=== PROBLEM TO SOLVE ===
Every line from the one holding "板材千萬種，挑選需謹慎！箭牌多層防潮板點亮卓絕品質" through the one holding "香港代购香港南洋兄弟红双喜单双妹香烟单双妹双喜价格double" in the data below must be returned exactly, both ends included, with pictures left out and nothing else added.

=== MATERIAL FOR THIS EXERCISE ===
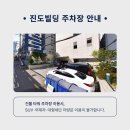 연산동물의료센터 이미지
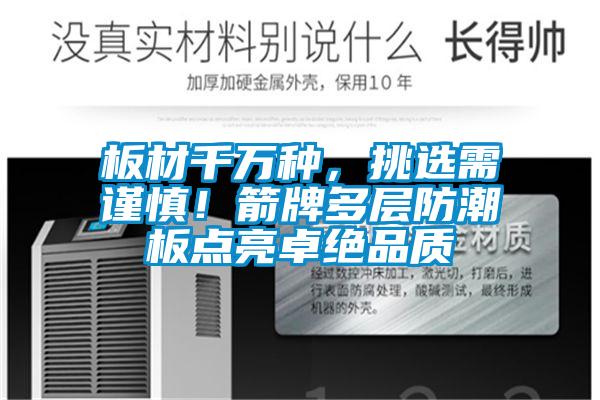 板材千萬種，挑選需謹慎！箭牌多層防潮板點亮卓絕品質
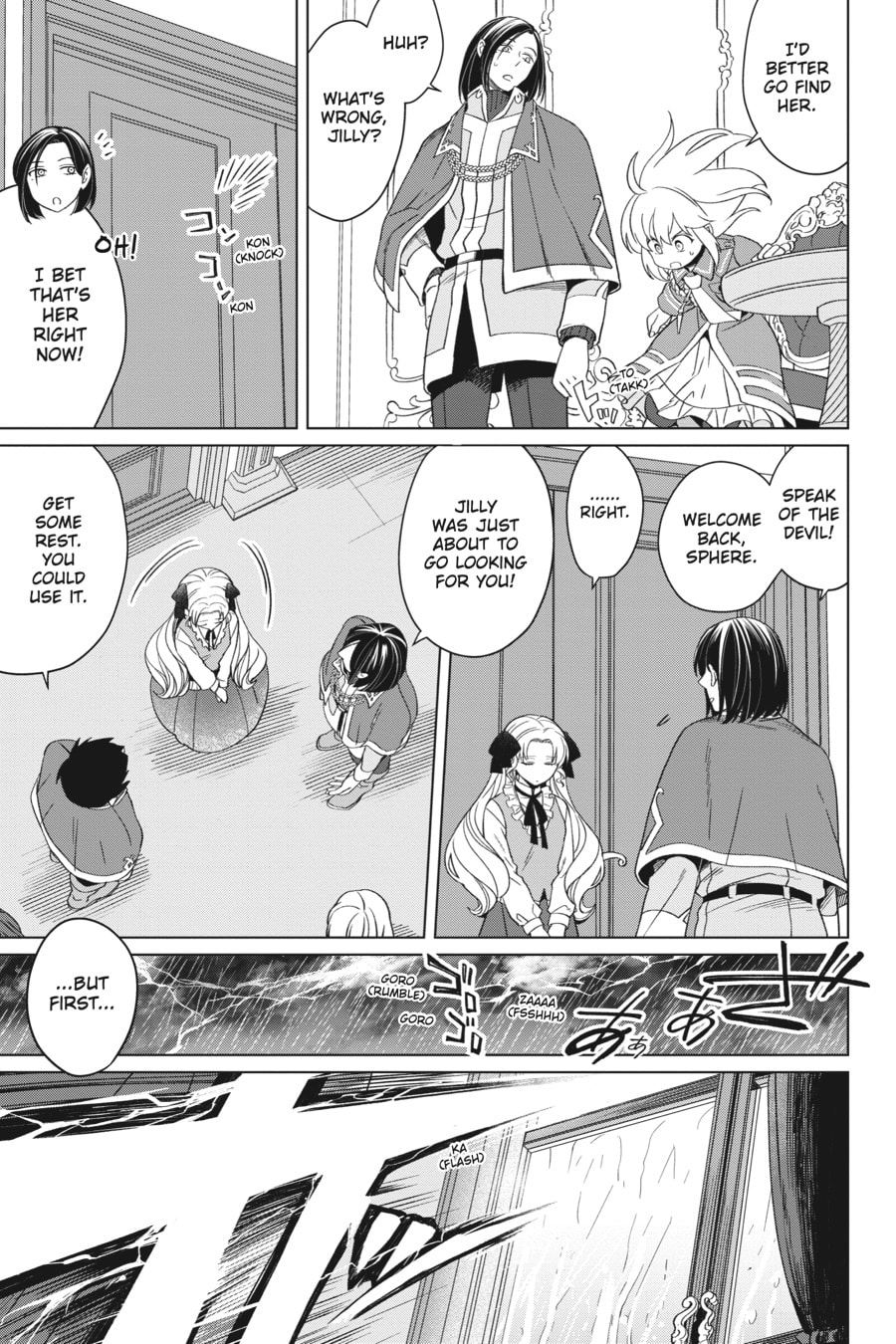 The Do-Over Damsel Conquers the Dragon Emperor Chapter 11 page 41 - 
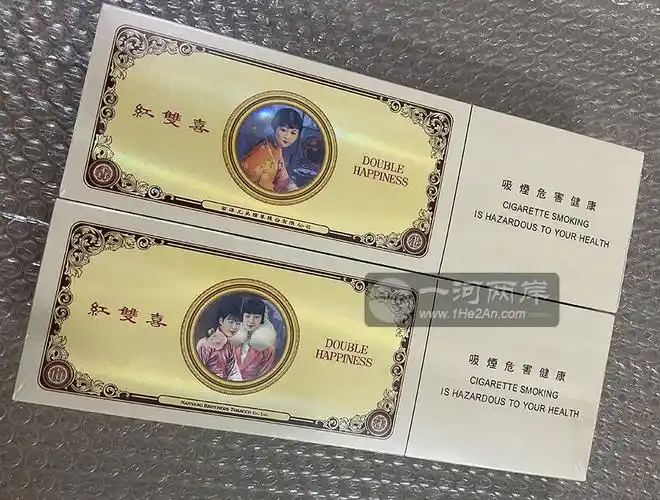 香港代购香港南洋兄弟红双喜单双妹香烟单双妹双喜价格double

---

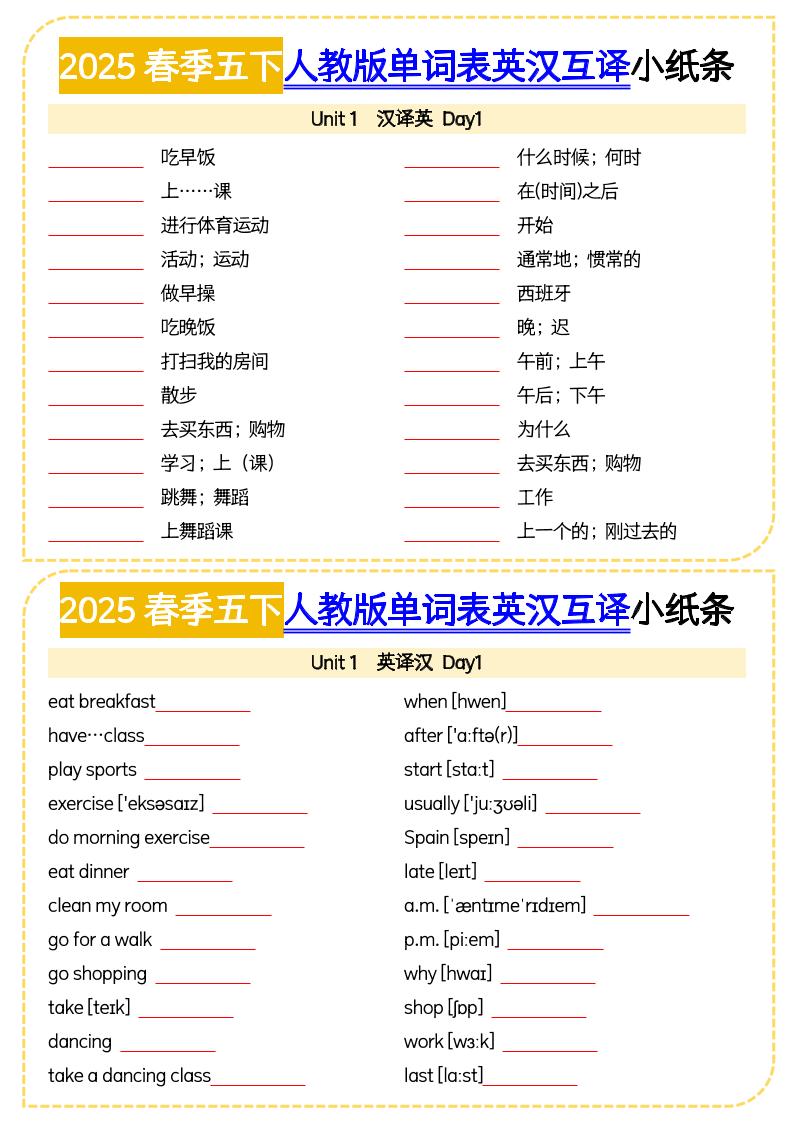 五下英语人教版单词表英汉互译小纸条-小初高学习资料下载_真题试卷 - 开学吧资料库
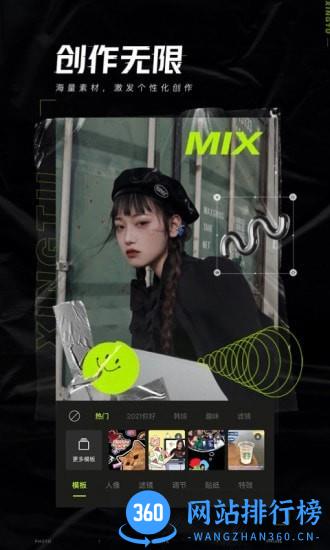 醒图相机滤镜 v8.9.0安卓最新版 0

...

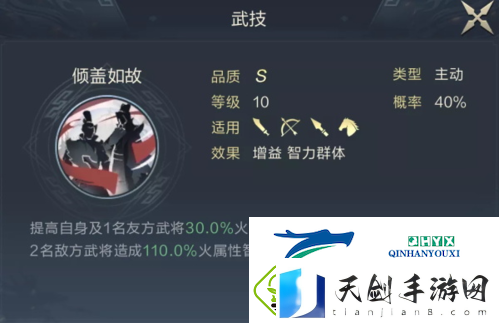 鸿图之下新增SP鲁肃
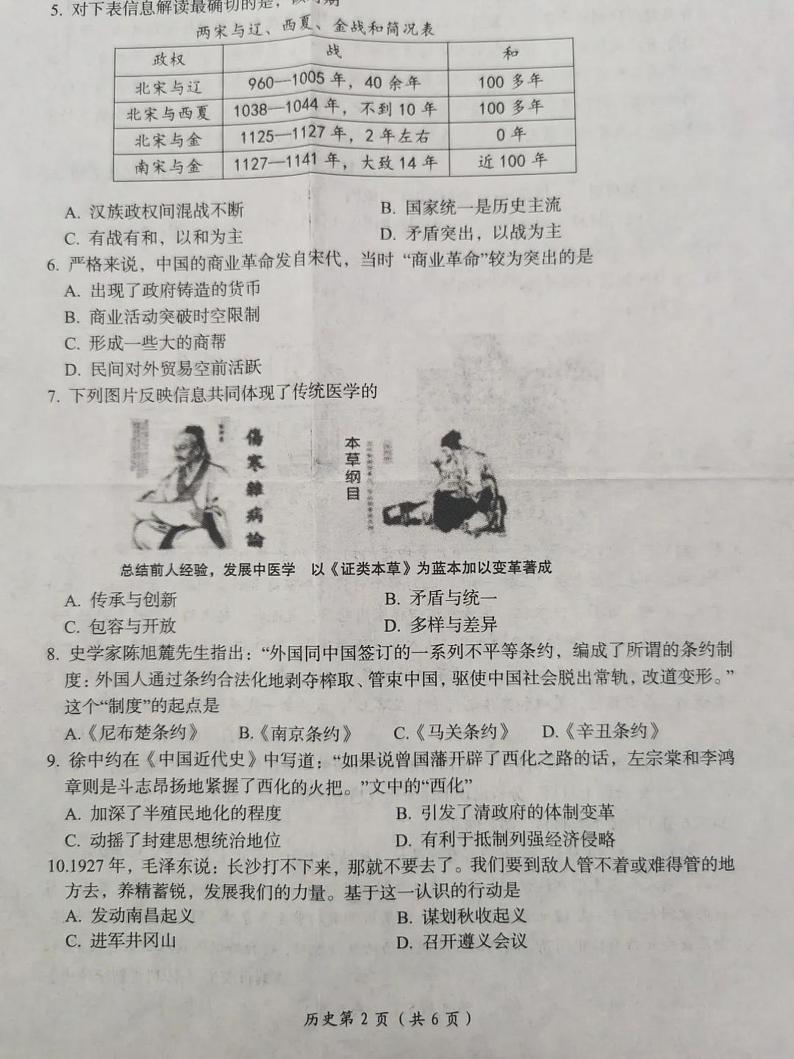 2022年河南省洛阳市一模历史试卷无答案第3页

=== TASK SOLUTION ===
 板材千萬種，挑選需謹慎！箭牌多層防潮板點亮卓絕品質
 The Do-Over Damsel Conquers the Dragon Emperor Chapter 11 page 41 - 
 香港代购香港南洋兄弟红双喜单双妹香烟单双妹双喜价格double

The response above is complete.